Neste ponto, a identidade do fruto proibido adquire relevância. Com certeza, esse fruto não era a maçã. Entre nossos Sábios predominava a opinião de que se tratava de uvas, que Eva comeu e utilizou para fazer vinho, que então serviu ao companheiro. Como as uvas foram o elemento físico envolvido no pecado inicial, ajudamos a retificar espiritualmente sua utilização imprópria mediante a oração do Kidush, com vinho - ao santificar o Shabat e as festas judaicas. E, assim fazendo, a mesmíssima fruta que foi consumida em pecado é usada em um ato de santificação - para proclamar que D'us é o Criador do mundo e para santificar Seus dias sagrados. A isto se chama, na Cabalá, Tikun - retificação espiritual. Esta retificação do mundo ocorre quando o homem santifica o mundo físico, utilizando seus elementos com propósito sagrado. Por exemplo, quando o couro é usado para fazer os Tefilin, realiza-se um ato de fissão espiritual: são liberadas as centelhas sagradas existentes na matéria física. Se isso ocorresse constantemente - se o ser humano apenas fizesse o certo sem nunca errar - a "serpente" definharia até a morte, por inanição. O pecado de Adão e Eva seria, então, retificado e suas consequências - luta e sofrimento e morte - deixariam de ser parte integral da vida.

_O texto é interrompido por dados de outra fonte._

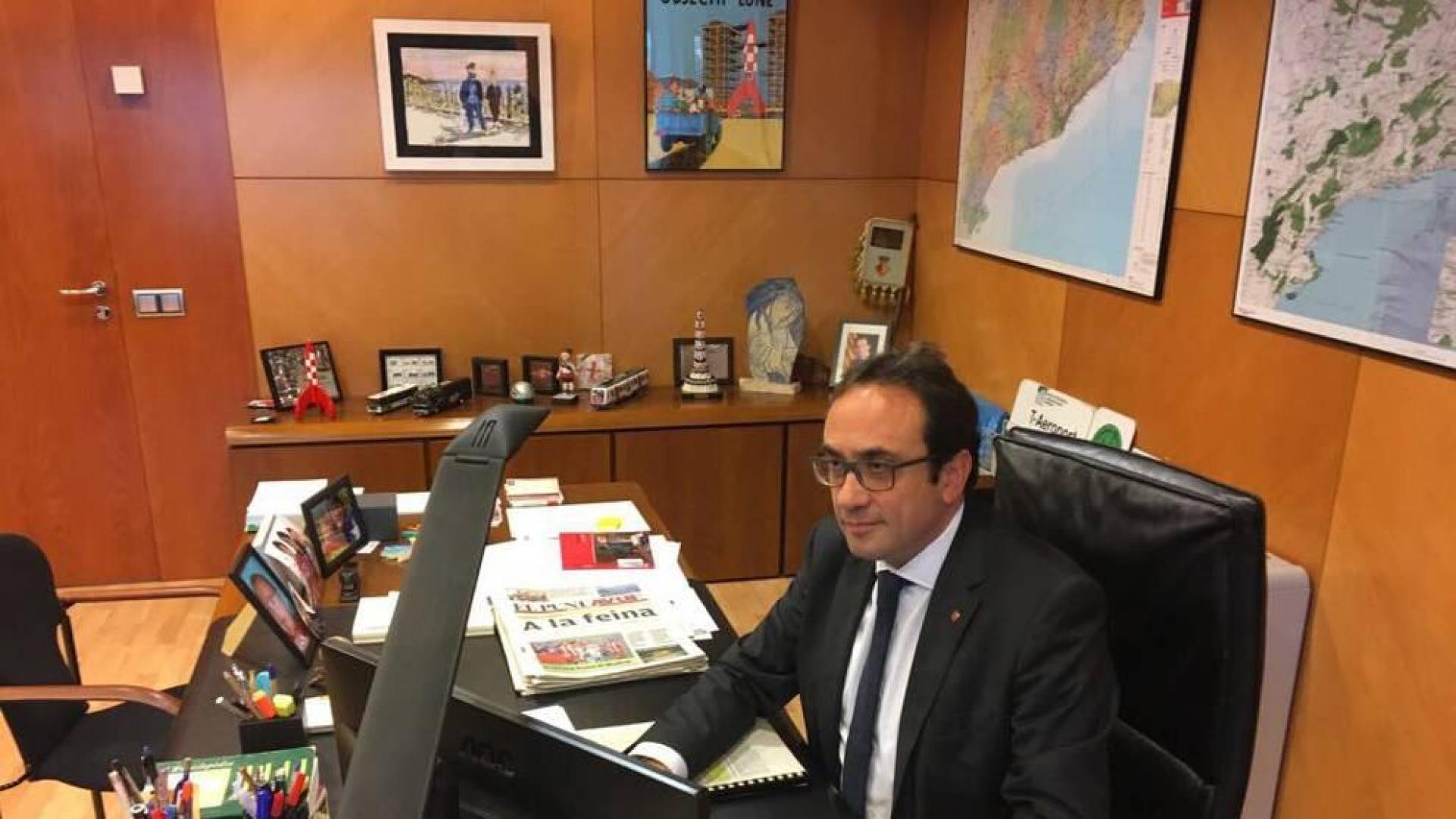El conseller cesado Rull acude a "trabajar" y seguirá hoy con su agenda "normal"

O banimento do homem do Jardim do Éden acabou sendo mais uma consequência do que uma punição. Ele teria que trabalhar com afinco para reparar o dano causado a si próprio e ao mundo. E pode-se dizer que até mesmo a praga de que "com o suor de teu rosto comerás o teu pão" não veio isenta de alguma bênção em seu interior. Pois o trabalho é o que dá significado à vida do ser humano. E o que se consegue com muita facilidade, dificilmente é valorizado.
A serpente, grande vilã e instigadora, foi punida com exatamente o oposto - uma praga terrível que mais parece uma bênção. Diferentemente do homem que precisa se empenhar para ganhar o seu sustento, a serpente é amaldiçoada por D'us a buscar na terra a sua sobrevivência. De relance, isto parece uma bênção: como o solo é tão abundante, o réptil jamais passará fome. Mas, no íntimo, este decreto é o próprio significado do inferno. A serpente pode ser comparada a um filho que cometeu uma maldade tão monstruosa que leva o pai a expulsá-lo de casa. E lhe diz: "Eu o criei e, portanto, não posso deixá-lo morrer de fome. Por isso, dou-lhe agora todo o dinheiro de que necessitará, na vida, para que nunca mais me procure - pois jamais quero tornar a vê-lo ou saber de seu paradeiro".
Aqui jaz outra grande lição na história do Éden. Por vezes, D'us provê pessoas malvadas de tudo o que necessitam e desejam porque Ele não deseja contatos com esses indivíduos. Ao mesmo tempo, muita gente boa passa por dificuldades na vida exatamente pelo fato de D'us se preocupar em ouvir suas preces. Ele sente falta desses Seus filhos e quer ver melhorar o seu comportamento, ligando sua alma a Ele por meio da prece, do estudo da Sabedoria Divina e da realização de atos de caridade e bondade.
A pergunta de D'us a Adão
Ao estudar a história do Jardim do Éden, não podemos esquecer um princípio básico no judaísmo: sob circunstância alguma acreditamos na existência de poderes independentes; nada, nem mesmo o Mal, consegue se opor a D'us. A serpente personificou o Mau Instinto, que é o próprio Anjo da Morte. E, por se tratar de um anjo - simples mensageiro de D'us - entranhado na carne de um animal, este não possuía livre arbítrio. O castigo da serpente simboliza a maldição que é lançada contra os malfeitores, especialmente aqueles que influenciam terceiros a fazer o mal.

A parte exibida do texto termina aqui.